Accuracy in Media

WASHINGTON — After months of protests, violence and widespread chaos, the Socialist Venezuelan government has asked the Vatican for mediation to calm the conflict. This request came over a month after Pope Francis called for peace between the two sides.

Mvd6596697Reuters reported that the Venezuelan government under Nicolas Maduro asked the Catholic Church to send Cardinal Pietro Parolin, an Italian, to help mediate talks between the opposition and the government.

The request was a formal written letter by President Nicolas Maduro, who asked for Parolin to be named as a “good faith witness.” Parolin had previously served as an envoy to Venezuela from the Vatican. A spokesman for the Vatican confirmed the Roman Catholic Church’s willingness to mediate, but did not give out any details.

The Venezuelan opposition, split between the imprisoned lawmaker Leopoldo Lopez and current Miranda provincial governor Henrique Capriles, said that the current Vatican envoy, Aldo Giordano, will be in attendance during the first round of formal talks in Caracas.
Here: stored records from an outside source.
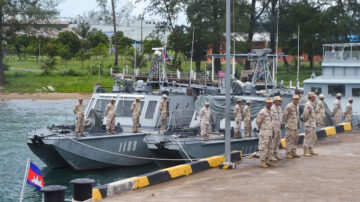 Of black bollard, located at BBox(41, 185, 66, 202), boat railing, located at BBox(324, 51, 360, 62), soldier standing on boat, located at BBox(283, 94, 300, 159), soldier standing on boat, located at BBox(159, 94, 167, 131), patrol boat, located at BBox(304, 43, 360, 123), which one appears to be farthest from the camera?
boat railing, located at BBox(324, 51, 360, 62)

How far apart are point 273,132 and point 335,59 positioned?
1547 centimetres

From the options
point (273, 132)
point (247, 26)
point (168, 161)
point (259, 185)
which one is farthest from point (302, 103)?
point (247, 26)

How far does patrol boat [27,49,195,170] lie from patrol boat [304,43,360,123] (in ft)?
25.4

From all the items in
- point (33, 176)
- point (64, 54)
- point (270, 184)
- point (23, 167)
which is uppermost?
point (64, 54)

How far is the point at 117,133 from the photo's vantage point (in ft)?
62.2

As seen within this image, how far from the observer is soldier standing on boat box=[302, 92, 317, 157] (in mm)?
14680

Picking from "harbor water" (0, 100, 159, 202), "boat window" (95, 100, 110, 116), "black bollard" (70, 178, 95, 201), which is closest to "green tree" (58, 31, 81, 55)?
"harbor water" (0, 100, 159, 202)

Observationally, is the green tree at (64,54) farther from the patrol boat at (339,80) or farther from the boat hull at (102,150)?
the boat hull at (102,150)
Both Vatican officials are Italian nationals. 

Capriles, who lost one of the closest elections in history (and one that was disputed by the opposition due to irregularities), told reporters:

“I will go to defend the truth…Debate doesn’t mean our people stop protesting. Quite the opposite. Peaceful protest must continue because the problems continue.”

The two sides agreed to meet in a preliminary round of talks last week to set up the current round of formal negotiations. The opposition continues to protest Maduro’s socialist economic model, which has led to widespread crime, rising inflation and shortage of basic products such as toilet paper and wine. They also accused the government’s police of excessive use of force against protesters, which the government did not deny.

Historically, the Vatican has mediated several conflicts in Latin America, such as the 1978 territorial dispute between Argentina and Chile and a hostage situation in Peru back in 1996.